Arbeitsministerin Ursula von der Leyen sieht das etwas anders, mal ganz abgesehen davon, dass die CDU-Vizechefin sich von Geschäftsordnungen noch nie aufhalten ließ. Für sie ist Frauenförderung eine Frage des Arbeitsmarktes und damit ihr ureigener Zuständigkeitsbereich. Von der Leyen, die von Parteifreunden auch „Röschen“ genannt wird, zeigt dabei auch Dornen: „Ich bin überzeugt, dass an der Frauenquote kein Weg vorbeiführt“, sagte sie noch wenige Tage vor dem Treffen. Ein Damenanteil von 30 Prozent in Aufsichtsräten müsse es schon sein.

Familienministerin Kristina Schröder, die sich sowohl als Parteifreundin als auch als Lieblingsopfer von der Leyens einsortieren lässt, ist schon ihres Amtstitels wegen für die Frauenfrage zuständig. Ihr schwebt ein Zwitter-Modell vor: die sogenannte Flexi-Quote. Nur wenn es den Konzernen nicht gelänge, den Frauenanteil zu steigern, soll der Gesetzgeber eingreifen. Jedes Unternehmen soll sich dazu erst einmal eine individuelle Zielvorgabe setzen.

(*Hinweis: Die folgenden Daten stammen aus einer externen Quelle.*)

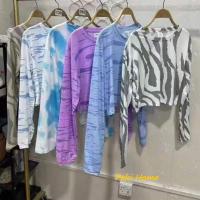 ราคา เสื้อครอปแขนยาว เอวลอยนิดๆ ใส่สบาย สีน่ารักๆ (25508579207)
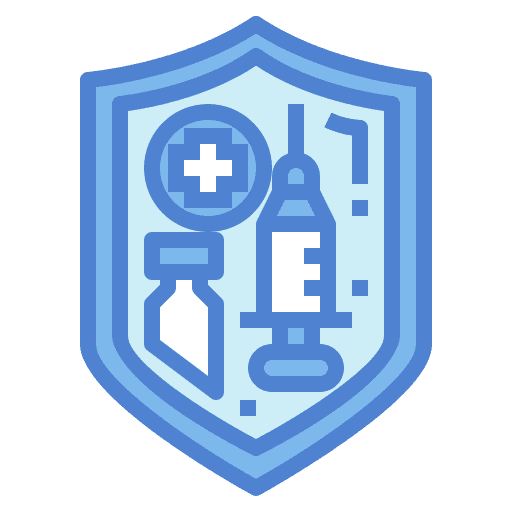 Shield vaccine syringe protected icon Shield vaccine syringe protected icon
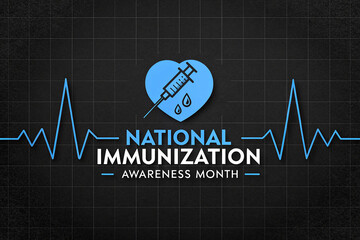 National Immunization Awareness Month: Blue Heart Vaccine Campaign Poster
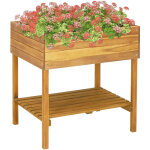 Jardinière surélevée 78, 5 x 58, 5 x 78, 5 cm jardin plantes fleurs bois massif d'acacia Jardinière surélevée 78, 5 x 58, 5 x 78, 5 cm jardin plantes fleurs bois massif d'acacia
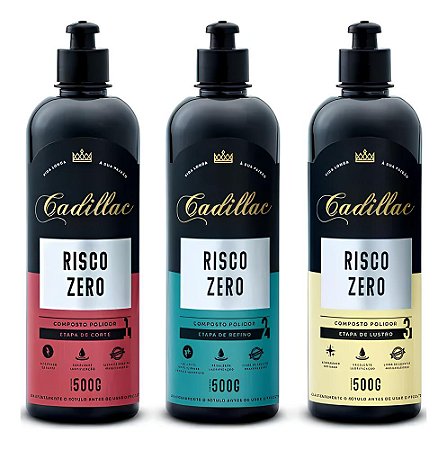 Kit Polimento Risco Zero Corte Refino Lustro Cadillac 500g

So sah es eine Vereinbarung vor, die die Unternehmen bei ihrem jüngsten Treffen mit der Bundesregierung Ende März geschlossen hatten. Am Montag werden die Unternehmen nun ihre selbst verordneten Ziele in Form einer freiwillig-unfreiwilligen Selbstverpflichtung vorlegen. Darin soll jeder Konzern schwarz auf weiß notieren, wie hoch sein Anteil weiblicher Führungskräfte sein soll, wann er diese Zielgröße erreichen will und mit welchen Maßnahmen – zum Beispiel mit Kinderbetreuung, Mentoring oder Trainings. „Meine Erwartung ist, dass auf der Liste der individuellen Selbstverpflichtungen, die mir die Unternehmen präsentieren, keine einzige einstellige Zahl stehen wird“, sagt Familienministerin Schröder.